Drivers who got comfortable, De Becker says, opened up about the kickbacks. Some said they were getting more than cash: DVD players, flat-screen TVs, even an evening at a legal brothel. Other clubs were handing out swipe cards, scanning drivers as they came in, racking up points for prizes.
The nightclub association's attorney, Dominic Gentile (who acquired the Palomino Club in March 2006 as payment for defending the previous owner in a murder investigation), alleges strip clubs are doing more than diverting customers: They're committing massive tax fraud, writing off the kickbacks as a business expense and not reporting the driver's income to the Internal Revenue Service.
Gentile hired a former IRS agent to investigate the fraud that he's certain is occurring. What Gentile's not certain of, however, is whether the association's lawsuit will go forward.
In fact, it's not even clear whether the Nevada Association of Nightclubs still exists.
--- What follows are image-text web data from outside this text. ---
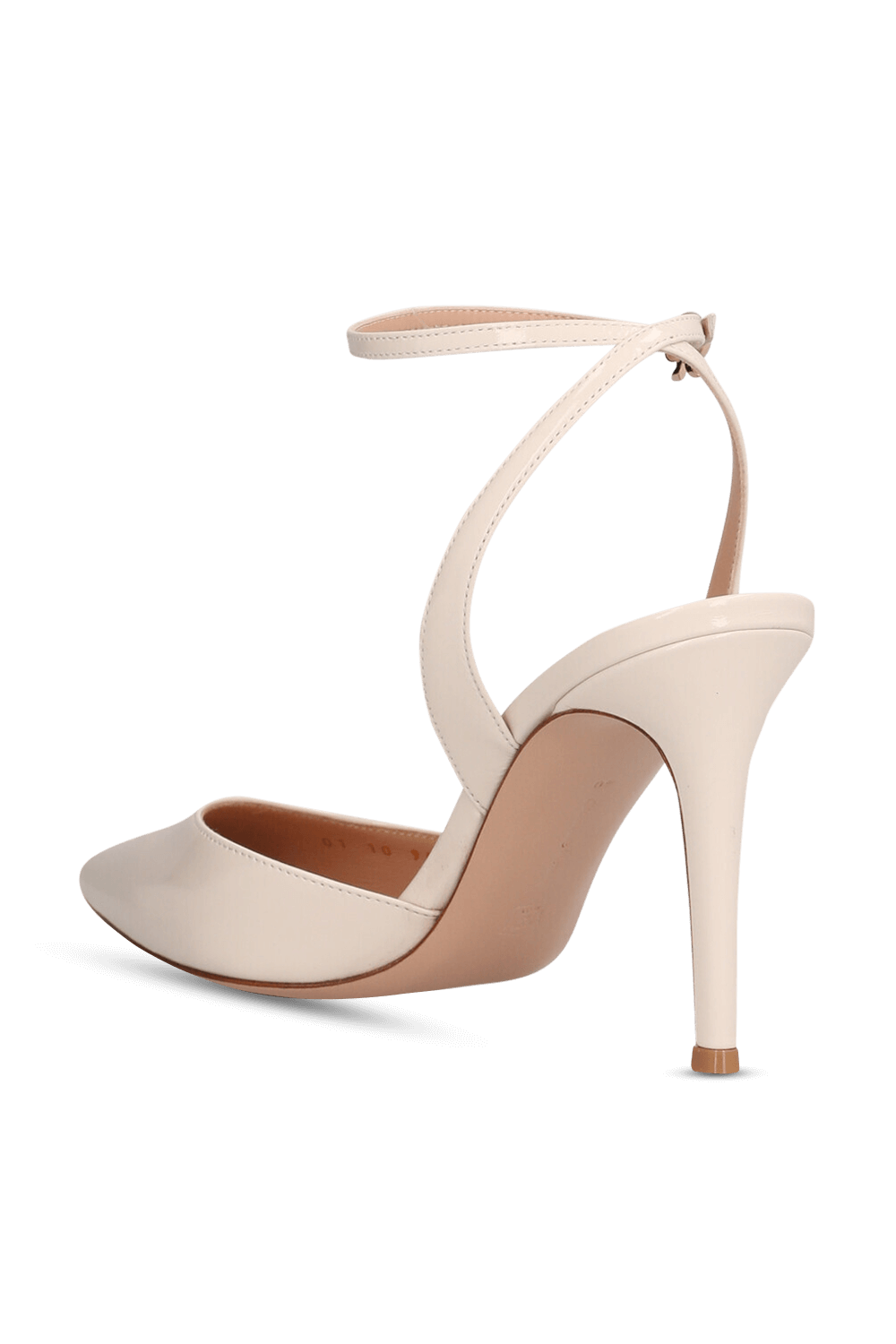 תמונה אחורית של נעלי עקב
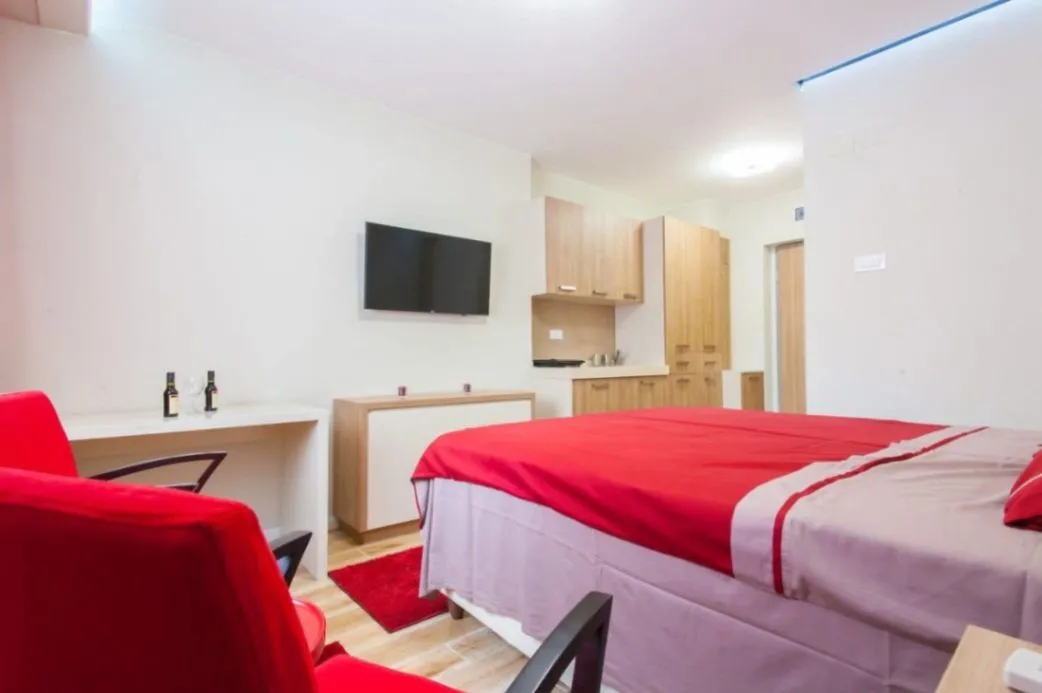 Izdavanje, garsonjera, 30m², Preko Morače, Podgorica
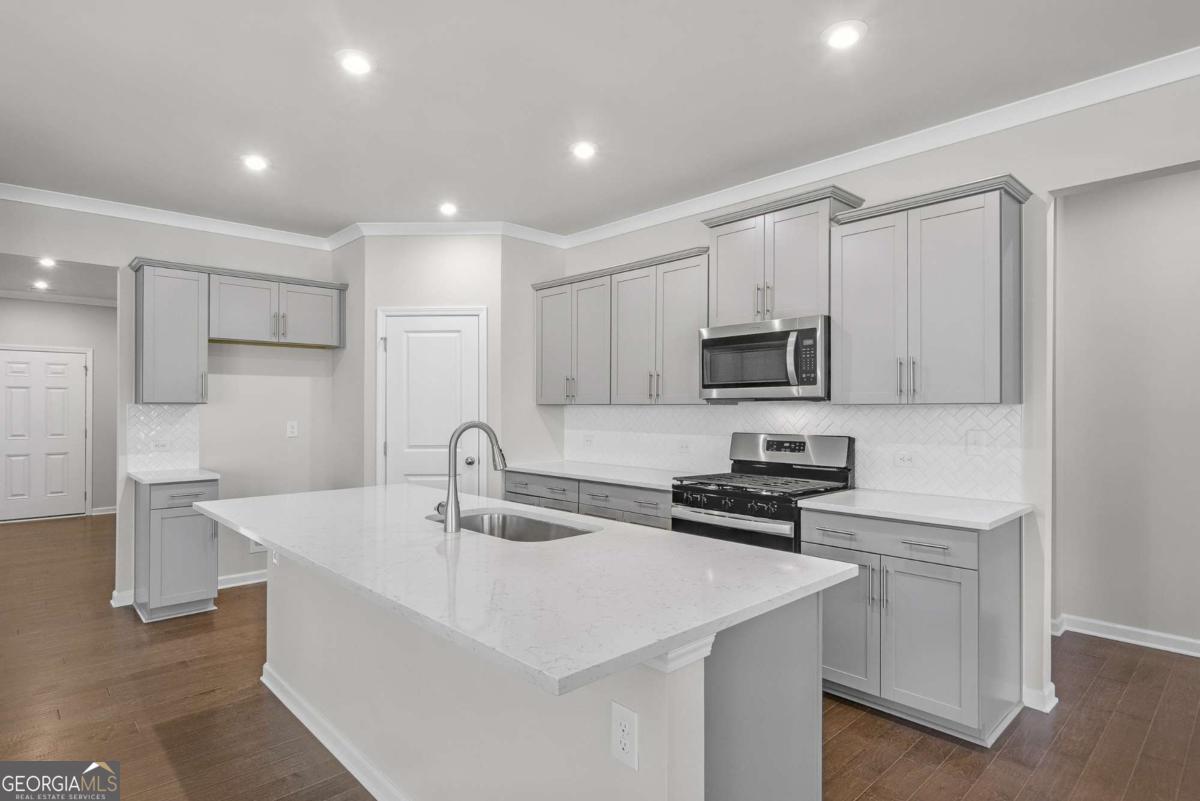 452 Village LN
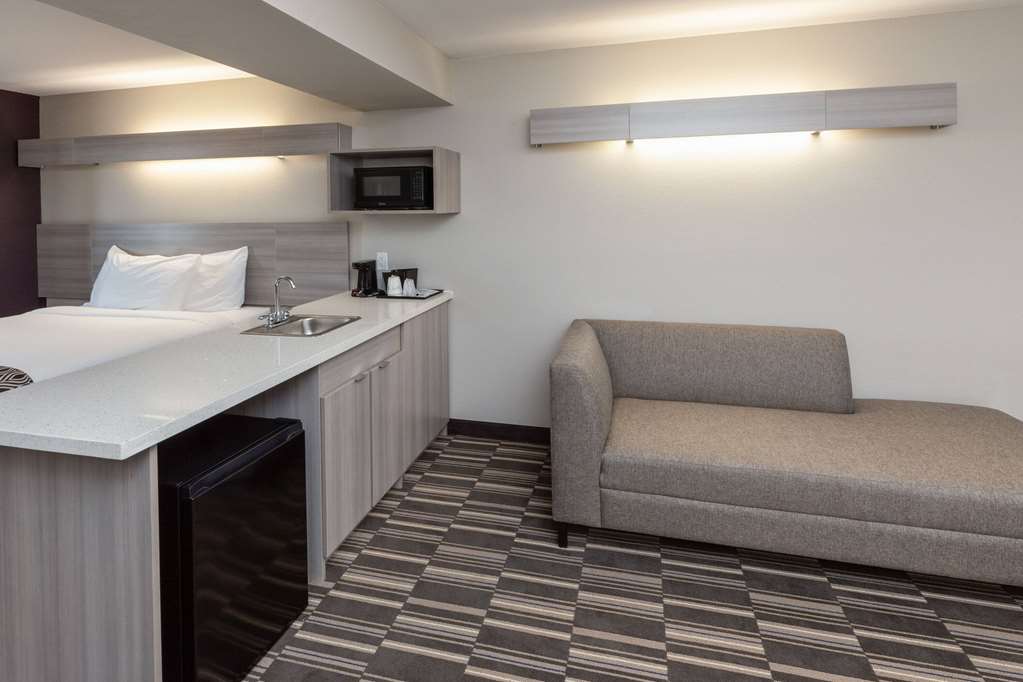Microtel Inn & Suites by Wyndham Bossier City - photo 53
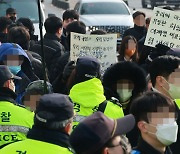 상대 악마화해 과격한 지지행위···선거제 개편해 극단정치 끝내야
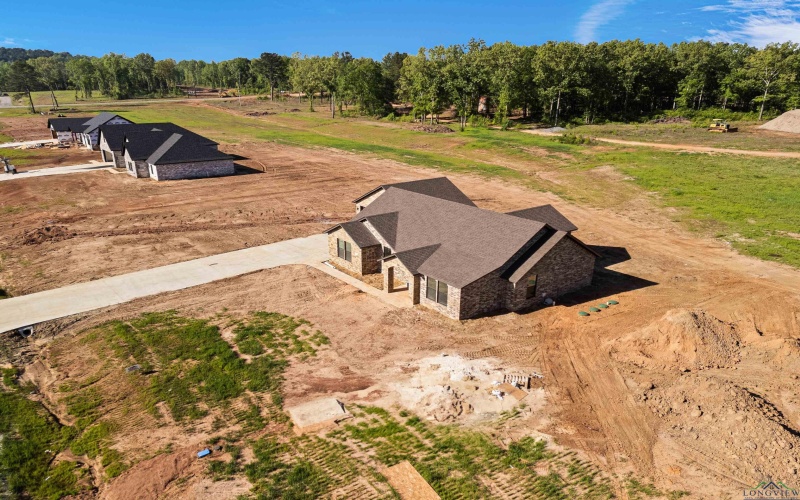 142 BIG OAKS RD, Kilgore, TX 75662, 4 Habitaciones Habitaciones , ,2 BañosBaños,Residential,En Venta,142 BIG OAKS RD,20252481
Former association members told the Sun the coalition slowly dissolved last year because of lack of interest, but wouldn't be quoted.
Sources close to the association say the strip club owners realized they'd probably spend more money on litigation and private investigators than they would just giving in and paying the kickbacks.
Gentile recently sent letters to association members, asking whether they're still interested in their case.
Interim Chief Investigator Joe Dahlia has been working for the Nevada Taxicab Authority for 18 years. Kickbacks have always been a topic of discussion, he says, and the difficulty with diversions hasn't changed: Money talks.
Brothels pay bigger bounties, so it makes sense that cab drivers pushed bordellos on private investigator De Becker.
One driver asked whether De Becker was a cop, and satisfied that he wasn't, suggested the investigator visit Sensations, a massage parlor on Industrial Road where De Becker could get "full service" for $160.
Detectives raided the business this month and arrested customers who admitted they were there for more than massage.
Standing in the living room of the Chinatown brothel, a working girl offers to "sleep" with Gentry, ushering him into a back bedroom where there is a mattress on the floor, white sheets and white towels. The usual. Gentry sizes it up and makes an excuse to leave.
Waiting outside, Detective David Hunkins takes careful notes: the time, the place, certain quotes from the conversation, which aren't fit for print.
"We'll be back," he says.
There are 6,477 taxicabs driving the streets of Las Vegas and about 1,000 limos, Dahlia says. Even if one of his 25 investigators heard of a driver doing kickback diversions, how would he prove it? By asking the driver, or the person paying the bounty?
"If I had the answer," Dahlia said, "I could probably retire."